Er was eens… een meisje, heel ver weg in de polder. Ze had een lief klein broertje, een beeldschone moeder en een vader die piloot was. Samen vlogen ze de hele wereld over, ze hadden goede gesprekken, aten in de meest bijzondere restaurants, beleefden grootse avonturen en ze leefden nog lang en gelukkig…

Een echt sprookje toch, een piloot als vader? Niet voor Sofie, uit

Indien plaats beschikbaar

. Haar vader is een verfomfaaide piloot die er eigenlijk nooit is, nog geen haakje aan de muur kan hangen en die als hij al thuis is in een compleet andere wereld leeft. Sofies moeder begrijpt haar ook niet en is alleen maar bezig met haar eigen reislust mede mogelijk gemaakt door ‘indien plaats beschikbaar’–familiekaartjes, Sofie haat ze. Ze moeten haar, haar ouders en broertje met kerst naar Egypte gaan brengen, een land waar alles vies is en iedereen ziek wordt. Ze krijgt nu al geen hap meer door haar keel. Nee, op haar dertiende is het leven geen sprookje voor Sofie.
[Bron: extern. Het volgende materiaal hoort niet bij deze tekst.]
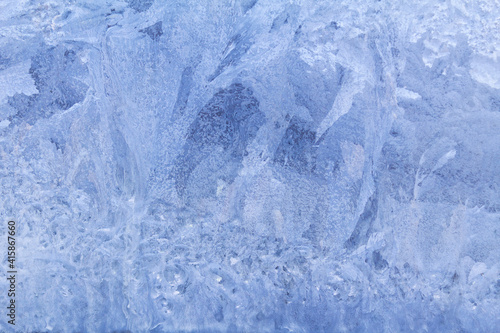 Blue frosty pattern on window glass. Winter background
Maar daar beginnen wij niet mee. Wij komen in Sofies leven als ze 21 is en ze vlak voordat haar vader stopt met vliegen toch nog een keer met hem meegaat, op een IPB-ticket, naar Los Angeles. Een makkelijke beslissing is het niet geweest en direct na het eerste hoofdstuk heb ik al een heleboel vraagtekens om Sofie heen staan. Dat is wat Rozendaal sterk gedaan heeft in dit boek, haar eerste roman, het zit technisch sterk in elkaar. Ze houdt de spanning erin door met flashbacks te werken en er voor te zorgen dat er zowel in het heden als in het verleden een spanningsboog in zit en we toewerken naar een hoogtepunt. Ook elk hoofdstuk eindigt met een cliffhanger waardoor Rozendaal je hoofdstuk na hoofdstuk het boek door sleept. De flashbacks van de 13jarige Sofie geven ons uitleg bij de Sofie die wij eerst leren kennen; een 21jarige vrouw die op mij veel jonger overkomt en gekke trekjes en gedachten heeft. In de flashbacks leren wij haar jeugd en haar problemen kennen.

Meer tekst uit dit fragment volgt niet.